Dissenters: L

Levellers

Strictly speaking the 17th century Levellers were a political rather than a religious movement per se, but they deserve mention for their influence and their nonconformist connections.

Their nickname – applied by their enemies, possibly even by Charles I himself – came about from their belief in ‘levelling’ all strata of society, and that all men are equal in God’s sight, or possibly through origins in rebel rural hedge levelling.

As well as numerous social reforms, they campaigned for the separation of Church and state.

They began as natural allies of Oliver Cromwell, many of them members of his New Model Army, but a dispute over back pay for soldiers (and a general disaffection with Cromwell’s authoritarianism) led to rebellion – this was quashed when Cromwell executed three Levellers at Burford, Oxfordshire in 1649.

The citizens of Burford remember the event to this day – see www.levellers.org.uk.

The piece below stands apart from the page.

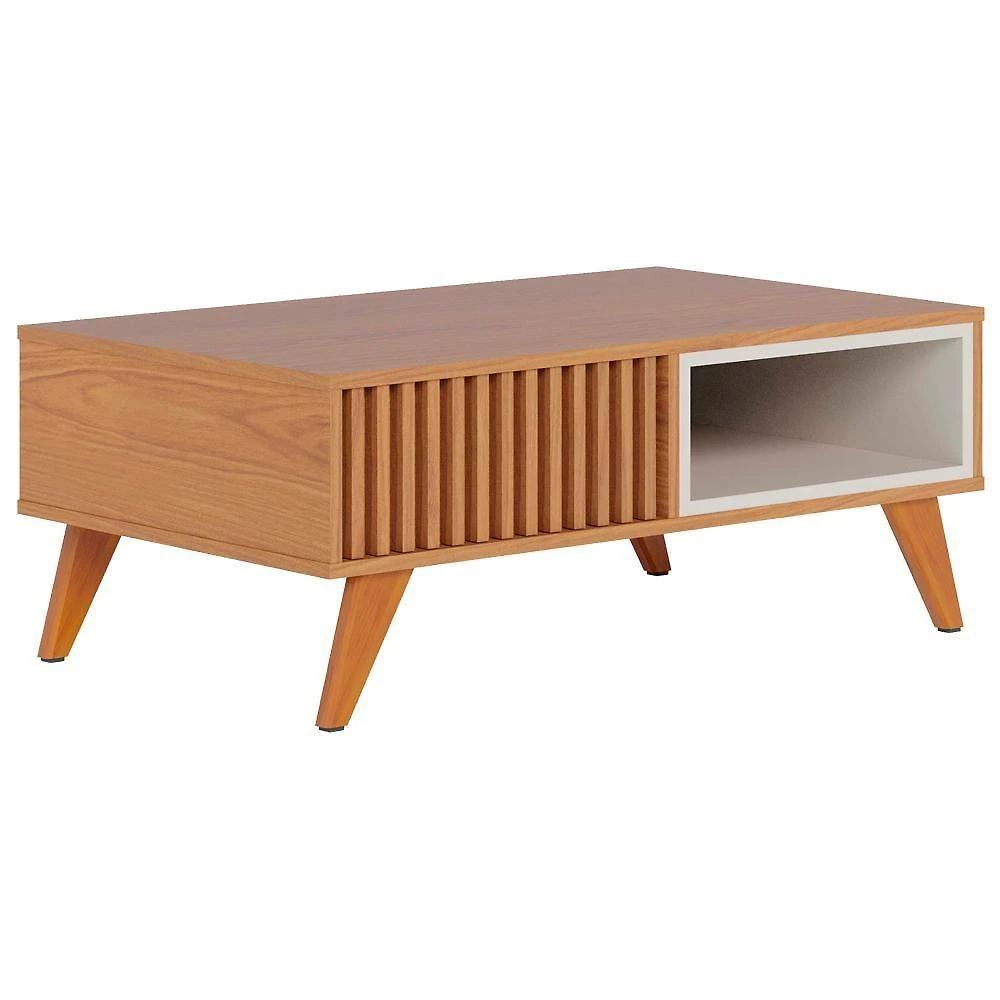 Mesa De Centro Para Sala 91 Cm Jeri Colibri Freijo Off White Matte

Pamphleteer John Lilburne was a prominent founder of the movement – he later became a Quaker.

Liberal Catholic Church

The Liberal Catholic Church www.liberalcatholicchurch.org was effectively founded in the 1910s by James Wedgwood of the renowned china-producing family.

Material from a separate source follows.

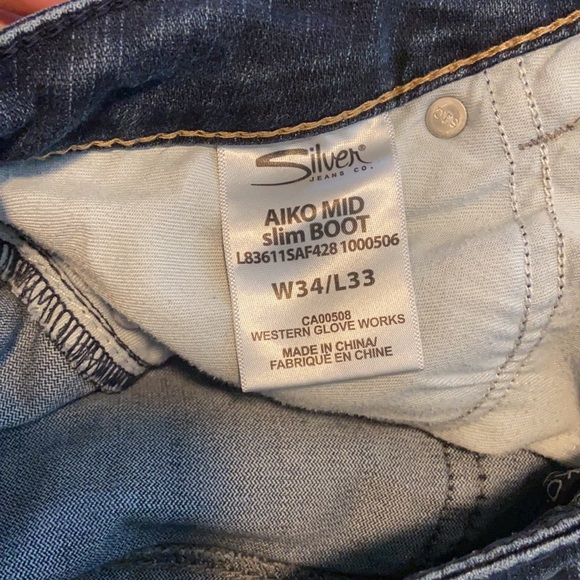 Silver Aiko Slim Bootcut jeans - Picture 5 of 6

He was ordained into the Old Catholic Church, a German group which split off from Roman Catholicism in the 1970s through a rejection of papal infallibility, and later spread to England.

The life of Christ is the guiding principle of Liberal Catholicism, which also holds that Christ practised certain rites of ‘mysteries’ of the East – thus the movement was closely allied to the mystical theosophy movement of Madam Blavatsky and Charles Leadbeater.

Liberal Catholics, who are found worldwide, maintain there is a common unity and purpose to all religions – though this didn’t stop their own schism in 2003 over the ordination of women, and two movements now use the Liberal Catholic Church name.

Lollards

The Lollards also blurred boundaries between politics and religion, but with a more specific theological underpinning thanks to their founder John Wycliffe (1320s-1384).

Wycliffe was a theologian who criticised the Church for its corruption, disputed the divine authority of Church leaders, and famously laboured to produce the first English vernacular edition of the Bible.

He even questioned transubstantiation. He was a respected Oxford don, after his death his books were burnt, and although Lollardy persisted in pockets into the 16th century, his followers were persecuted.

The etymology of the Lollard name is disputed, possibly meaning ‘mumbler’ or ‘idler’, but the term more generally came to mean ‘heretic’. The Lollards had no central doctrine, but their anticlerical stance was an early herald of the Reformation.

London Missionary Society

The LMS was founded as the Missionary Society in 1795, then renamed in 1818, with a focus on evangelical missions to Africa and the Pacific islands.

It was non-denominational, Congregationalist (see earlier in this series) in tone and supported by evangelical clergy from both Anglican and Nonconformist churches.

Its first voyage was on The Duff, to Tahiti, where its 17 missionaries received a hostile reception; and on a return voyage the society was financially devastated by The Duff’s capture by French privateers.

In the 1830s and 1840s the LMS was more successful, apart from when missionary John Williams was eaten by cannibals in the New Hebrides.

The society disbanded in the 1970s but was absorbed into what is now the Council for World Mission.